L'affrontement permanent entre Manu et Pascal, l'un, travailleur et entrepreneur, l'autre, bourgeois et propriétaire, aboutit à des scènes d'anthologie où le conflit de classe s'exprime via les insultes grivoises de l'un ou de l'autre envers son adversaire social. La haine mutuelle, provoquée par jalousie (Manu envie le passé séducteur de Pascal) ou par intérêt (Manu souhaite, au fond, récupérer la terre de Pascal pour faire fructifier ses affaires) est mise en scène sans retenue : les acteurs se lâchent et l'écriture semble libérée de toute contrainte. La liberté orale du film lui donne, en cela, la possibilité de souligner cette éternelle fracture sociale entre le passé et l'avenir, les propriétaires et les travailleurs d'une manière détonante et jubilatoire.

Pour le réconfort

Pour la liberté

Ici, les amis de Macaigne et lui-même ne manquent ainsi pas l'opportunité de révéler, entre les lignes, leur sensation du monde et de la France d'aujourd'hui. Les raccourcis et les cheminements de pensées incohérents des personnages traduisent une certaine incompréhension du monde qui les entoure. L'avarice des uns et la condescendance des autres entretiennent l'absurdité générale qui sévit au sein du groupe d'amis de Pour le réconfort, où chaque personnage en veut à l'autre pour ne pas être comme lui. Et si, au fond, le film n'a rien d'exceptionnel, Pour le réconfort exprime les hantises et les obsessions des trentenaires d'aujourd'hui : Que faire ? Pour aller où ? Et outre ce postulat d'une sincère simplicité, Pour le réconfort sort du lot grâce au traitement très singulier que Macaigne distille à son premier film.

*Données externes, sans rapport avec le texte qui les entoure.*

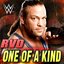 One of a Kind (Rob Van Dam)
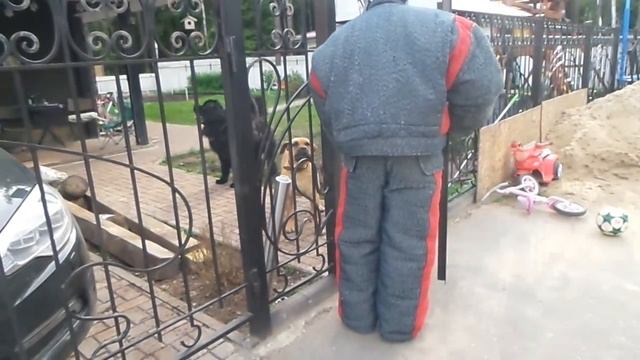 Тест №34. Две собаки на охране территории.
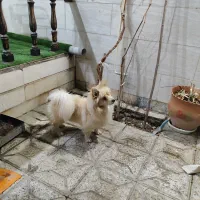 پامر روباهی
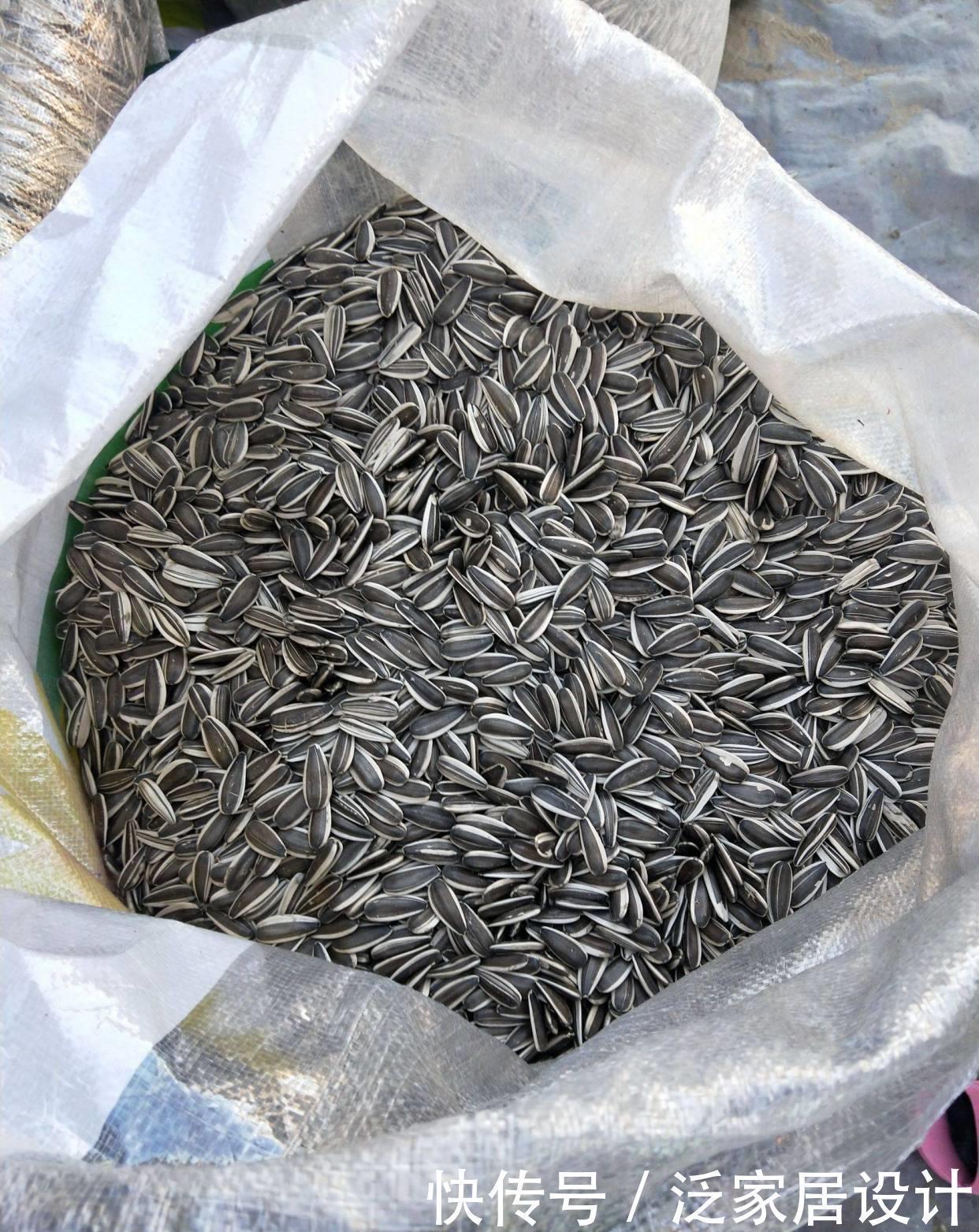 瓜子|君子兰养护小技巧,土里埋上它,叶片肥又亮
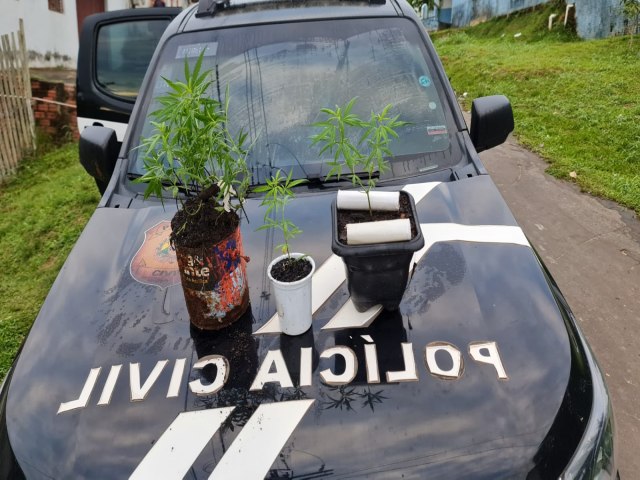 Traficante que cultivava maconha no quintal de casa  preso pela Polcia Civil em Cruzeiro do Sul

Le prologue est d'ailleurs saisissant : les deux frangins discutent via Skype et l'on découvre les rues de New York filmées par le portable de Pauline, livrant des images compressées, d'une abstraction illisible, anticipant le flou total qui attend ces deux personnages lorsqu'ils décideront de revenir au bercail. La suite du film, au format carré, est entrecoupée de portraits face-caméra assez déstabilisants. Le mash-up paraît, certes, improbable, l’exécution, est, de l’aveu même de Macaigne, libérée de toute contraintes, mais le résultat final, fruit d’une longue gestation (le film sort quatre ans après son tournage) fonctionne, indubitablement.

 

Pour le réconfort de Vincent Macaigne, en salle le 25 octobre 2017. Ci-dessus la bande-annonce

Conclusion

Note de la rédaction

Le polyvalent Vincent Macaigne, ici réalisateur, confirme son sens du dialogue tout en développant une surprenante singularité plastique, faisant de "Pour le réconfort" un puissant premier film.